Finally, our patients were not investigated during OHSS, but after rather a short period of time, on completion of IVF treatment. It is therefore still possible that some of these patients have developed hyperinsulinaemia during their IVF cycle, or will develop it after a more prolonged period of time. This is similar to the case in women who develop gestational diabetes during their pregnancy, recover after delivery, but are at risk of diabetes during later life.
The second aim of this study was to detect whether abnormalities in the haemostatic system were more frequent in women with a past history of OHSS since OHSS predisposes to thromboembolism, for which the exact physiopathological mechanism still needs to be elucidated (Hollemaert et al., 1996; Glück et al., 2000). In the present study, we found no difference in coagulation tests between the two groups of women, with the exception of fibrinogen levels for which a slight, statistically significant effect was observed. This isolated finding may be because of chance and multiple measurements and has probably little clinical significance.
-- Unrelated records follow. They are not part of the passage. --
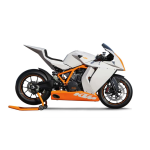 KTM 1190 RC8 Manuel utilisateur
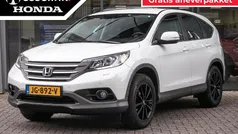 Gebruikt 2014 Honda CR-V Elegance SUV | € 10.950 (Eerlijke prijs)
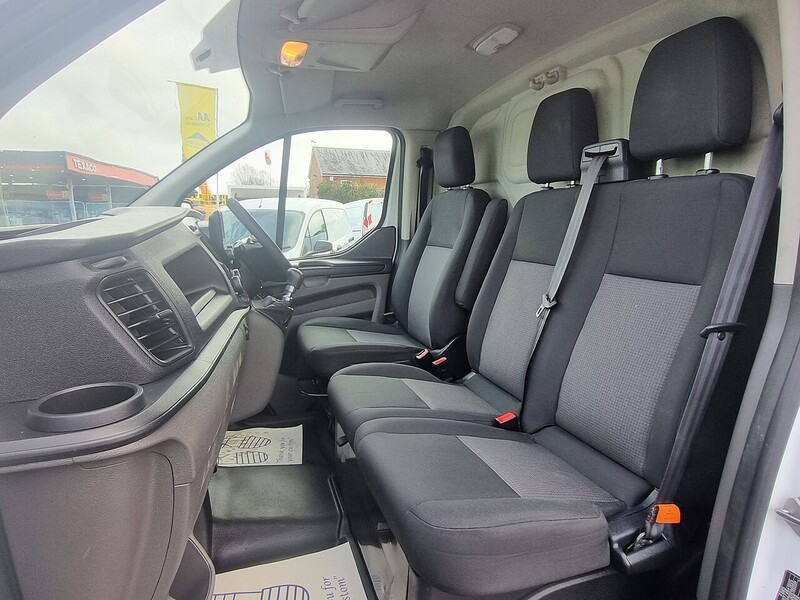 Used Ford Transit Custom 2019 for sale - 77356813: Photo 18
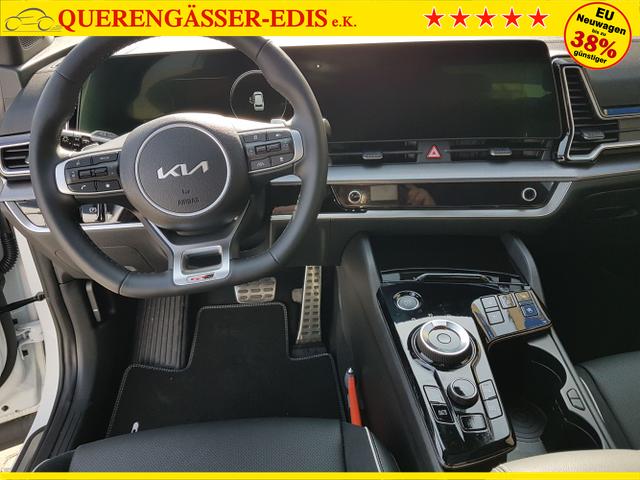 Kia / Sportage / Deluxe white / GT-LINE / / , Beispielbilder, ggf. teilweise mit Sonderausstattung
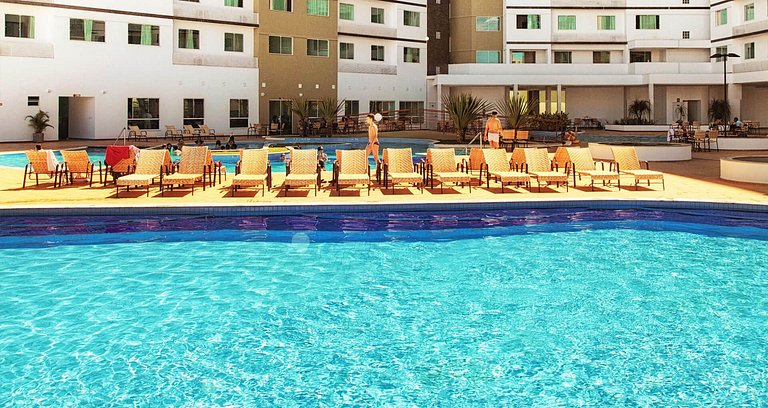 Flat 753 Riviera Park Hotel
In this study, similar high rates of prevalence of thrombophilia were found in both groups of patients. For instance, the global rate of heterozygosity of the C677T MTHFR polymorphism, the factor V and the prothrombin mutation were 46, 8, and 6% respectively. These rates are high compared with others that have been published earlier (Frosst et al., 1995; Laffan and Tuddenham, 1998
).
Nevertheless, Alfirevic et al. also reported recently high rates of abnormal thrombophilia screening in women with and without pregnancy complications (53 versus 39%) (Alfirevic et al., 2001). Furthermore, we were unable to observe a higher prevalence of thrombophilia in IVF patients who developed OHSS versus those who did not. For this purpose, our study is underpowered; however, with the current observed prevalence, a sample of 80 individuals per arm would be necessary.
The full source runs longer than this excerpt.